Problem to work on — Report every line from the following entries that contains the string "Used".

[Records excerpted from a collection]
◇ ◇ ◇

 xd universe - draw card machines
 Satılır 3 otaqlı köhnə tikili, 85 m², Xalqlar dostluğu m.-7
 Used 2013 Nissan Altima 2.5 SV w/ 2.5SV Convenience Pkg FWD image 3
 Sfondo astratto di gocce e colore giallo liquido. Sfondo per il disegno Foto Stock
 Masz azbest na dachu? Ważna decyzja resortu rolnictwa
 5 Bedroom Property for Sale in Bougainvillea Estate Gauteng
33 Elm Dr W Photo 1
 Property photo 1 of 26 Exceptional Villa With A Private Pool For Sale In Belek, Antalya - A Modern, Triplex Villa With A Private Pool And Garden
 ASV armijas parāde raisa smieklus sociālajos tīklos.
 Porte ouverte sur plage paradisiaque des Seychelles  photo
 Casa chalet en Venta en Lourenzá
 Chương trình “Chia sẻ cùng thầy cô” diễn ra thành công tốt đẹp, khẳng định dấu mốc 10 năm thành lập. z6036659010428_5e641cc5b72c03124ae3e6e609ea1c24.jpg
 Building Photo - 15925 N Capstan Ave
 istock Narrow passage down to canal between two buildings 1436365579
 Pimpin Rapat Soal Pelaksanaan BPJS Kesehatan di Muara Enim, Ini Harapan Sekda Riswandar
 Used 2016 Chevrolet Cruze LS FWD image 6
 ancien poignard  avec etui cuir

◇ ◇ ◇

Answer section —
 Used 2013 Nissan Altima 2.5 SV w/ 2.5SV Convenience Pkg FWD image 3
 Used 2016 Chevrolet Cruze LS FWD image 6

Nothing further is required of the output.